After determining that there are no read requests for the PLOG i being executed, the switch St0 may record that, in the metadata of the PLOG i shown in Table 1, a status of the PLOG i is the delete (Delete) state, to block a subsequent read request for the PLOG i as described above.
Step S1104. The switch determines a storage space corresponding to the PLOG i.
The switch St0 may determine, based on the metadata of the PLOG i, a storage node corresponding to the PLOG i and a storage space corresponding to the PLOG i in each storage node. Specifically, a start address of the storage space corresponding to the PLOG i in each storage node and a volume of the storage space may be determined, to determine the storage space corresponding to the PLOG i in each storage node.
Step S1105. The switch sends a delete request for the storage space to the storage node.
The switch St0 sends a delete request, to storage nodes S0, S1, and S2 corresponding to the PLOG i, for the storage space corresponding to the PLOG i. For example, the delete request includes the start address and the volume of each corresponding storage space in the storage nodes S0, S1, and S2.
Step S1106. The storage node deletes the storage space.
After receiving the deletion request, the storage nodes S0, S1, and S2 delete respective storage spaces. For example, in the storage node S0, the storage space is determined based on the start address and the volume of the storage space in the delete request. Data stored in the storage space is deleted, and a record indicating that the storage space is allocated is canceled, so that the storage space can be reallocated to another PLOG.
Step S1107. The storage node returns information indicating successful deletion.
After the storage spaces are deleted, the storage nodes S0, S1, and S2 respectively return the information indicating successful deletion to the switch St0.
Step S1108. The switch deletes information of the PLOG i.
After determining, based on information that is about the storage nodes corresponding to the PLOG i and that is recorded in the metadata of the PLOG i, that the storage nodes S0, S1, and S2 all return the information indicating successful deletion, the switch St0 may delete the record of the metadata of the PLOG i in Table 1. In this way, the PLOG i is deleted.
Step S1109. The switch returns the information indicating successful deletion to the computing node.
After deleting the metadata of the PLOG i, the switch St0 returns the information indicating successful deletion to the computing node C0, so that the computing node C0 can delete the stored information related to the PLOG i.
In this way, after receiving the delete request for the PLOG i sent by the computing node, when no conflicts occur in the PlOG i, for example, when there are no read requests for the PLOG i, the intermediate device sets the status of the PLOG i to the delete state and indicates the storage node to delete a physical storage space corresponding to the logical storage space.
As shown in
For example, when a write operation is performed on the PLOG i as shown in FIG. 6, it is assumed that after the switch St0 sends the write request 2 for the address space 2 in step S603, the switch St0 does not receive the information indicating completion of the write request 2 from the storage node due to reasons such as an exception of the storage node.

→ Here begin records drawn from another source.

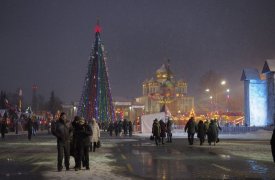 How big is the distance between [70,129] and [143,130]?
3747 cm

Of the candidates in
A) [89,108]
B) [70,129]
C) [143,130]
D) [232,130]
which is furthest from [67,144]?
[89,108]

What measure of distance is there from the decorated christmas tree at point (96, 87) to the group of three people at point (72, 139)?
139 feet

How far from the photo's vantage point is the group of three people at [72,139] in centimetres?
1385

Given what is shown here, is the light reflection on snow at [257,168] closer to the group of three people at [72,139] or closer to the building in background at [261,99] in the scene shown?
the group of three people at [72,139]

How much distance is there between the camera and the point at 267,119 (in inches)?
2484

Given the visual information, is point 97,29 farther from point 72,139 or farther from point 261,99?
point 72,139

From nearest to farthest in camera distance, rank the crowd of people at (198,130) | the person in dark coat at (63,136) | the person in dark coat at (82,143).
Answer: the person in dark coat at (63,136)
the person in dark coat at (82,143)
the crowd of people at (198,130)

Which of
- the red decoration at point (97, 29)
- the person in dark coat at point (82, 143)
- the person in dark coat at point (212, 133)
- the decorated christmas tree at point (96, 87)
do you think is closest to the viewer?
the person in dark coat at point (82, 143)

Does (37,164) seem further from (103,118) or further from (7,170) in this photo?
(103,118)

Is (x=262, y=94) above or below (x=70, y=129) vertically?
above

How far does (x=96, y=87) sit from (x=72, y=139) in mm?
42853

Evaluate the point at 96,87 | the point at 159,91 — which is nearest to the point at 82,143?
the point at 96,87

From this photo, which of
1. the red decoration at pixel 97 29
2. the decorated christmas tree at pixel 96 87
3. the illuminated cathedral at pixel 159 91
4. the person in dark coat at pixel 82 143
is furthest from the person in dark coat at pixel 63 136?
the illuminated cathedral at pixel 159 91

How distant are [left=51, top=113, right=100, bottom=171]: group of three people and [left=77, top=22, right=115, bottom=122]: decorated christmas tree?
42234mm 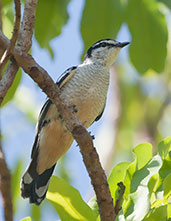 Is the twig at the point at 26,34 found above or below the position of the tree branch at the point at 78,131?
above

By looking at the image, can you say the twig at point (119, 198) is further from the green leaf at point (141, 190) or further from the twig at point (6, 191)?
the twig at point (6, 191)

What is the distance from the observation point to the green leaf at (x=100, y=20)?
373 cm

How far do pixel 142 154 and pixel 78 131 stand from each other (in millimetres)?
410

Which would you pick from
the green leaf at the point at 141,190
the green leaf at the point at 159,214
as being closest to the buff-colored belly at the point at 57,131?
the green leaf at the point at 141,190

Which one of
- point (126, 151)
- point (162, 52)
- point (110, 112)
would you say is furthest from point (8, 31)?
point (126, 151)

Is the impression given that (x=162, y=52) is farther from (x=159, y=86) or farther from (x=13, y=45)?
(x=159, y=86)

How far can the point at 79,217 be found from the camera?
3.03 metres

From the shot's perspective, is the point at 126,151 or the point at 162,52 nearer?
the point at 162,52

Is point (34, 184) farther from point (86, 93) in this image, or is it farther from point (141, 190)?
point (141, 190)

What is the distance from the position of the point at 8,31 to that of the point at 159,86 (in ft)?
16.6

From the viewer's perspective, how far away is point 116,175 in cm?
314

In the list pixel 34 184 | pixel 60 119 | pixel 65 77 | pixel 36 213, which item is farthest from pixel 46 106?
pixel 36 213

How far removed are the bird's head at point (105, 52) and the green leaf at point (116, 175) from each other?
2229mm

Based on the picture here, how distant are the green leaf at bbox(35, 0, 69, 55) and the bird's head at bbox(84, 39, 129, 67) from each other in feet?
4.19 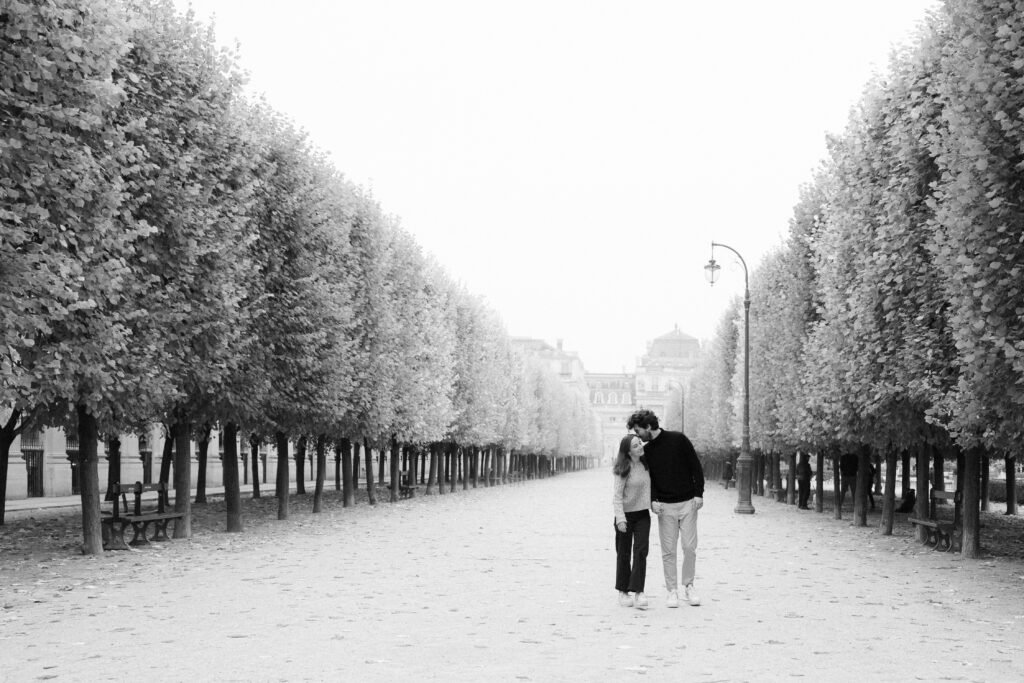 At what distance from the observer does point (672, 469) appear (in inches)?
508

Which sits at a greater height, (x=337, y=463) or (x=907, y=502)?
(x=337, y=463)

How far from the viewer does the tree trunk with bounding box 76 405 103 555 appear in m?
19.8

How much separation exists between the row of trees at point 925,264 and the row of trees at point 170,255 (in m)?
11.3

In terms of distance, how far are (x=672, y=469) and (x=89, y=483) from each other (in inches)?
442

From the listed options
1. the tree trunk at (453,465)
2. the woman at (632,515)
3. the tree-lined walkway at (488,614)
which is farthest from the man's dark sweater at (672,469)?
the tree trunk at (453,465)

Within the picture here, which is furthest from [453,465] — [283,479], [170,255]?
[170,255]

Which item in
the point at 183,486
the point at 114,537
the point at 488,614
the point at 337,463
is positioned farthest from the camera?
the point at 337,463

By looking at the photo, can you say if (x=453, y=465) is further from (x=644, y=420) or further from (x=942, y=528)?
(x=644, y=420)

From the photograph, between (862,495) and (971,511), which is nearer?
(971,511)

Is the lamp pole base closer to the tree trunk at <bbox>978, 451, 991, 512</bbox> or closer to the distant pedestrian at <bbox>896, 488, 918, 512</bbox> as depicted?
the tree trunk at <bbox>978, 451, 991, 512</bbox>

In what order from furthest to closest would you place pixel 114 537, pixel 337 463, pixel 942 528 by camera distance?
pixel 337 463, pixel 942 528, pixel 114 537

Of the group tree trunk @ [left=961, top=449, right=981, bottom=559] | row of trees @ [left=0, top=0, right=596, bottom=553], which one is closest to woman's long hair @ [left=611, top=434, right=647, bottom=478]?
row of trees @ [left=0, top=0, right=596, bottom=553]

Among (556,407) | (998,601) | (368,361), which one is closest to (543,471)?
(556,407)

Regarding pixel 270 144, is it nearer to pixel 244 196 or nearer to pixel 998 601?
pixel 244 196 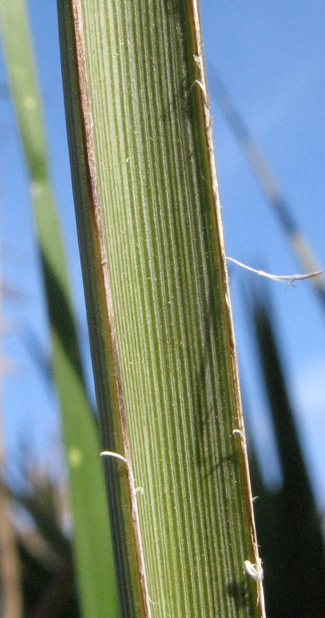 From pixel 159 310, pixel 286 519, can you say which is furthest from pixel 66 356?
pixel 286 519

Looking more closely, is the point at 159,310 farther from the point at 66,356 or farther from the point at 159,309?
the point at 66,356

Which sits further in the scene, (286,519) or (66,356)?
(286,519)

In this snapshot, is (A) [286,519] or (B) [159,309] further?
(A) [286,519]

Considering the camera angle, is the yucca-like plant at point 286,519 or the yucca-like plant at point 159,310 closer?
the yucca-like plant at point 159,310

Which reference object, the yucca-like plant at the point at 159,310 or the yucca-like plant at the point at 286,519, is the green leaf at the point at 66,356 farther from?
the yucca-like plant at the point at 286,519

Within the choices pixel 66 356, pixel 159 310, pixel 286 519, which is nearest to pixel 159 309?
pixel 159 310

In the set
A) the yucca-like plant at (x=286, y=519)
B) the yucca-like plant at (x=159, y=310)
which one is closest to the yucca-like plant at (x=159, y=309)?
the yucca-like plant at (x=159, y=310)

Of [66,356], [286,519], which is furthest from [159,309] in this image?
[286,519]

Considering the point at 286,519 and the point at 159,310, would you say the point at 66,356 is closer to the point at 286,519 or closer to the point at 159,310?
the point at 159,310

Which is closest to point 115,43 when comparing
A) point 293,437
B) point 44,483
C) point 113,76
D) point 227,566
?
point 113,76

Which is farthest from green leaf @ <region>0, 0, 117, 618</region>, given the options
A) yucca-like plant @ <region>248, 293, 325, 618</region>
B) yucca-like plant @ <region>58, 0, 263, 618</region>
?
yucca-like plant @ <region>248, 293, 325, 618</region>

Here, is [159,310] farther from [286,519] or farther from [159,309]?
[286,519] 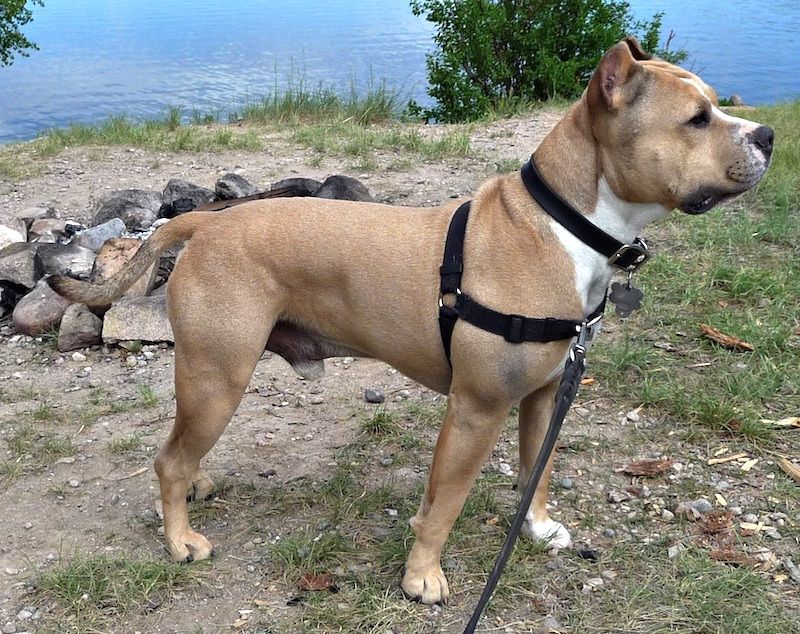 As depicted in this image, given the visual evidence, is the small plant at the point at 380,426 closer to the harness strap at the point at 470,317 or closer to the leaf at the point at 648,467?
the leaf at the point at 648,467

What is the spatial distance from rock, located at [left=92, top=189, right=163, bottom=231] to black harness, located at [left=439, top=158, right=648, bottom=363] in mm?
4053

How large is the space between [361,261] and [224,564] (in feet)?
4.60

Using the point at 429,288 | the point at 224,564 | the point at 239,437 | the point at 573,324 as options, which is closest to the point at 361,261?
the point at 429,288

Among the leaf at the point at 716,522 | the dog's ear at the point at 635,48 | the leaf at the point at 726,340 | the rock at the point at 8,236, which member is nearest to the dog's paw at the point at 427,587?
the leaf at the point at 716,522

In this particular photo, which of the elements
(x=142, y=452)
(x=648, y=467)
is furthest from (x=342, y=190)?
(x=648, y=467)

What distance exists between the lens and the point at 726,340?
16.5ft

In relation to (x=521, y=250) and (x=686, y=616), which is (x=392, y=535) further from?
(x=521, y=250)

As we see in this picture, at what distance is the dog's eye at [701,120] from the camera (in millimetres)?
2760

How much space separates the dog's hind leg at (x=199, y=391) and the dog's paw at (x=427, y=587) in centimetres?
87

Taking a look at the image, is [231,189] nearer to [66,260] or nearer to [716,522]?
[66,260]

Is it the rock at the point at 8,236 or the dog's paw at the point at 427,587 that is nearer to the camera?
the dog's paw at the point at 427,587

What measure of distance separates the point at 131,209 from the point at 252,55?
48.5ft

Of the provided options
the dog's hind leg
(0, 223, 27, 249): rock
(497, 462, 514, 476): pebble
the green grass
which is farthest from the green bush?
the green grass

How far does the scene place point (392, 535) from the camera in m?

Therefore, information indicating completion of the write request 1 is not returned to the computing node C0. In this case, if computing node C0 does not receive, within a preset period of time, the information indicating completion of the write request 1, the computing node C0 can determine that execution of the write request 1 fails, and send a read-only state setting request for the PLOG i to the switch St0.
Step S1202. The switch determines that there are no write requests for the PLOG i being executed.
After receiving the read-only state setting request for the PLOG i, the switch St0 needs to first determine whether a write request for the PLOG i is being executed currently. If the write request exists, the read-only state setting request conflicts with the write request, and the switch St0 suspends execution of the read-only state setting request. In addition, after determining that there is a write request for the PLOG i being executed, the switch St0 may perform polling to determine whether there is a write request being executed, and execute the read-only state setting request after determining that there are no write requests for the PLOG i being executed.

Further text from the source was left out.